By Noel Donaldson
WEDDINGS can be fraught affairs and prior to the big day can spawn a host of uncertainties.
Will the sun shine, will the best man remember the ring and what will he be saying in his speech, will those pre-wedding butterflies get to the groom?… will he turn up… have we invited “everyone”?
Often, many of these fears are unfounded and everything goes according to plan. But few could ever imagined a hitch that cropped up at a Wick wedding many years ago. The calamity was told to me by my journalist father, John Donaldson, who ran a successful press agency in his native town for many years.
The unfortunate episode happened in the Nethercliffe Hotel, Wick. When?… I don’t have a date but reckon it must have been post Second World War and probably in the 1950s.
Anyway, the couple had tied the knot and had arrived at the hotel. When it came to cake-cutting time…horror of horrors!…the top tier was missing. The wedding party was understandably upset and the police were called in.

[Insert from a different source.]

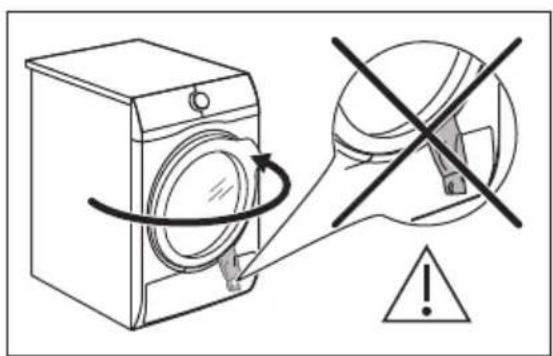 ELECTROLUX TWGL5E400 - VORSICHT! - 1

The officer noticed a trail of crumbs and dutifully followed it upstairs. Under a bed, clutching the aforesaid top tier, was an unrequited suitor of the bride. The sight of the woman he had set his cap at, marrying another, was more than he could bear and, doubtless fortified by a dram or two, he embarked on this pointless prank.
The cake was more or less intact and as no-one wanted a further fuss on such a big day, it was decided not to take any action against the hapless cake pincher.

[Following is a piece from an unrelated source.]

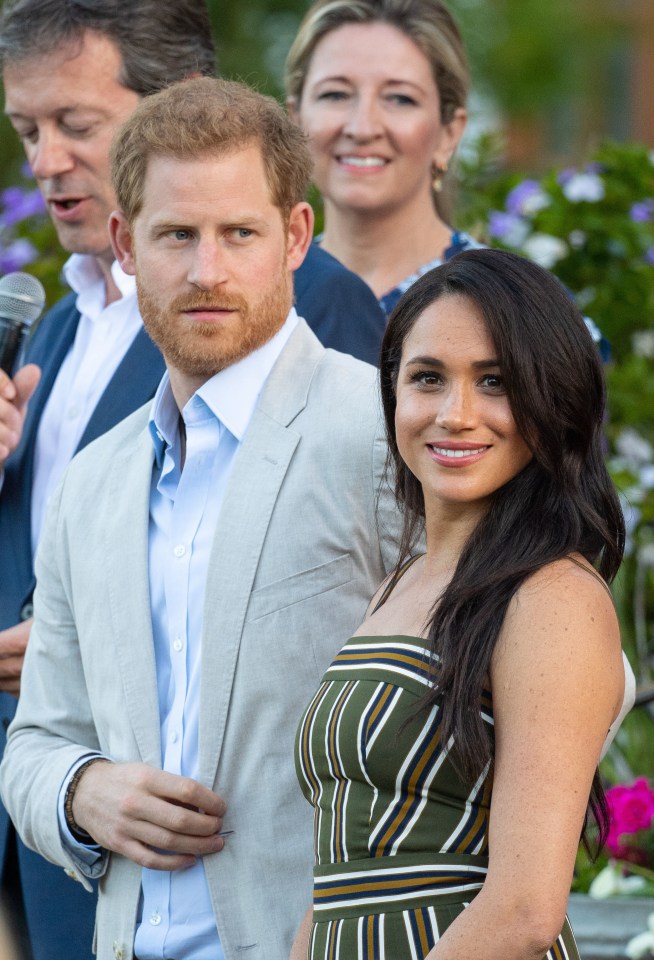 Meghan and Prince Harry are currently on a ten-day royal tour of Africa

Did you have an unexpected hitch to overcome at your wedding? Tell us about it.
My mother Elizabeth Donaldson, also a journalist covered a wedding at the now defunct Bridge Street Church, in Wick back in the mists of time. In those days, some national newspapers covered weddings in detail and mum was waiting for the happy couple to emerge from the kirk.
In the best of traditions, confetti was thrown and out of one packet shot a lady’s gold watch. Caused a bit of a sensation and the question on everyone’s lips was – “Where did that come from?”
The daily newspapers ran with the story of the golden confetti and believe it or not, they managed to trace its owner, presumably there was a clue on the confetti box to its manufacturer. The timepiece belonged to a woman in an English. confetti factory. She had taken off her watch at work and it had which slipped onto a conveyor belt and into a packet.